[ACTION ITEM]: Once you reach the line with "Pre-owned Farm Rio" below, copy each line exactly, stopping after the line with "Image of Earrings.", and skip any pictures.

═════ EXERCISE DATA

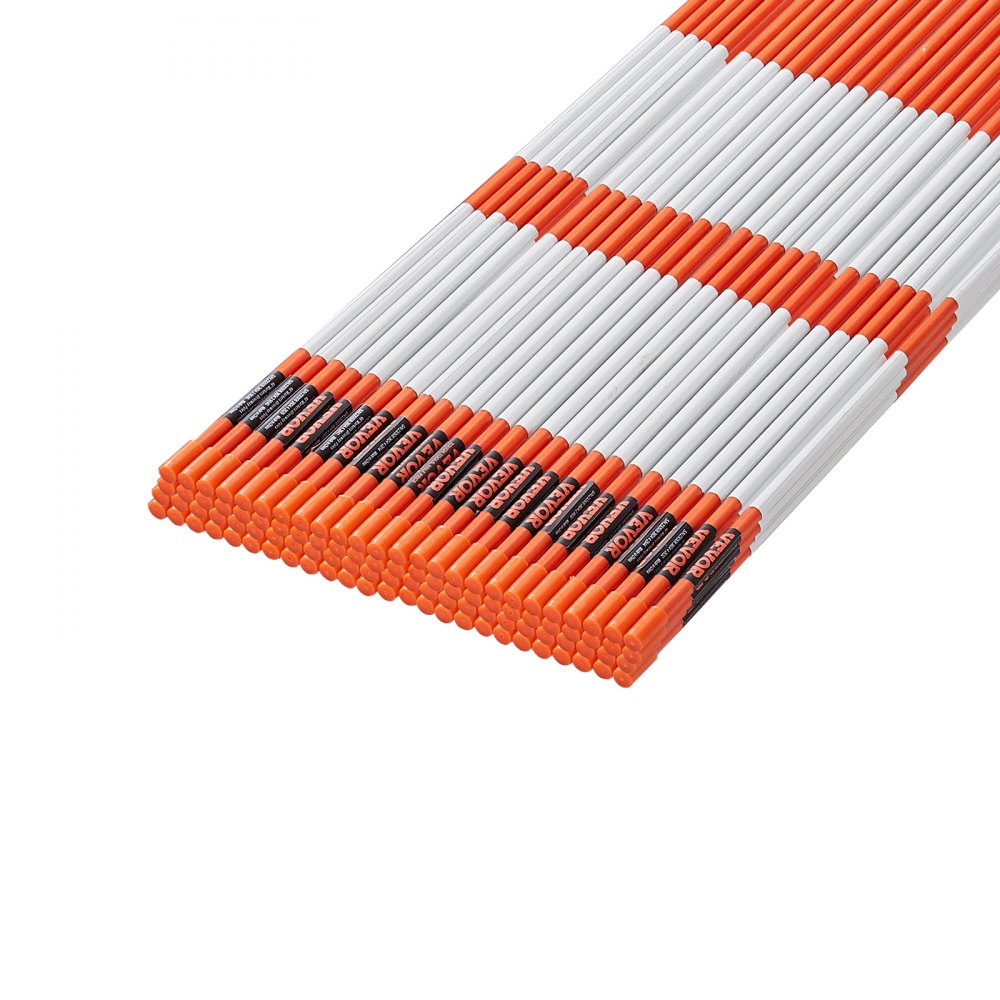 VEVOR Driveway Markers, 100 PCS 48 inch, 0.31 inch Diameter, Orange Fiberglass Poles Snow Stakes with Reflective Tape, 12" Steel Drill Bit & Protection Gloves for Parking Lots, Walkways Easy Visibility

══════════
═════ EXERCISE DATA

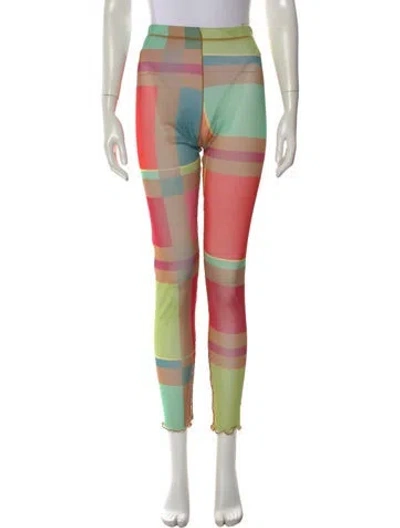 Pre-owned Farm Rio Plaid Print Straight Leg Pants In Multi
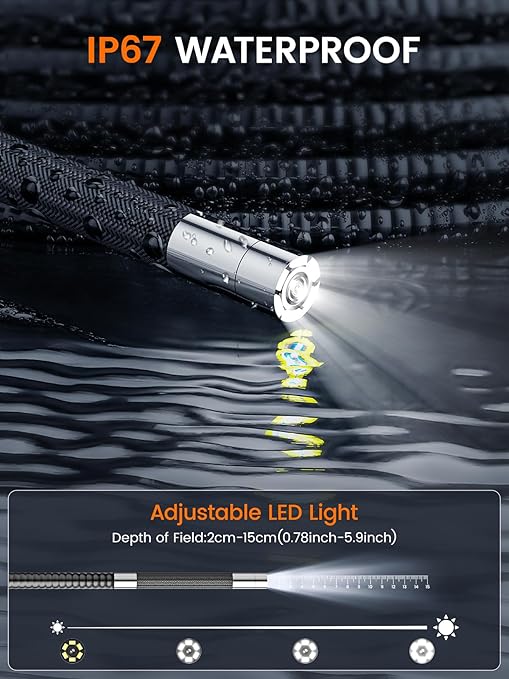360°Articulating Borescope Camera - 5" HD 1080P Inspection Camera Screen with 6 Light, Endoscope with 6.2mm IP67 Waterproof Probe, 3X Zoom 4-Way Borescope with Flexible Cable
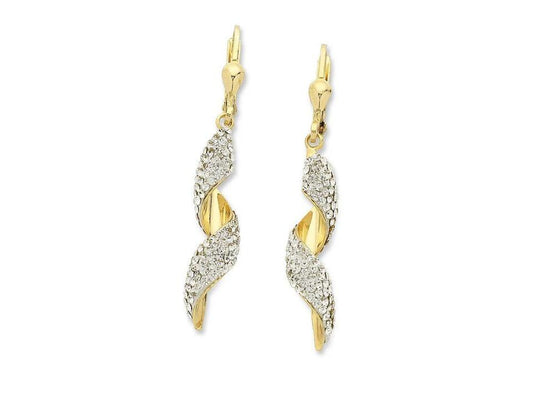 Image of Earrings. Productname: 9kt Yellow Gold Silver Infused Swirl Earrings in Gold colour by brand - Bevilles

══════════

[RESPONSE BELOW]:
 Pre-owned Farm Rio Plaid Print Straight Leg Pants In Multi
360°Articulating Borescope Camera - 5" HD 1080P Inspection Camera Screen with 6 Light, Endoscope with 6.2mm IP67 Waterproof Probe, 3X Zoom 4-Way Borescope with Flexible Cable
 Image of Earrings. Productname: 9kt Yellow Gold Silver Infused Swirl Earrings in Gold colour by brand - Bevilles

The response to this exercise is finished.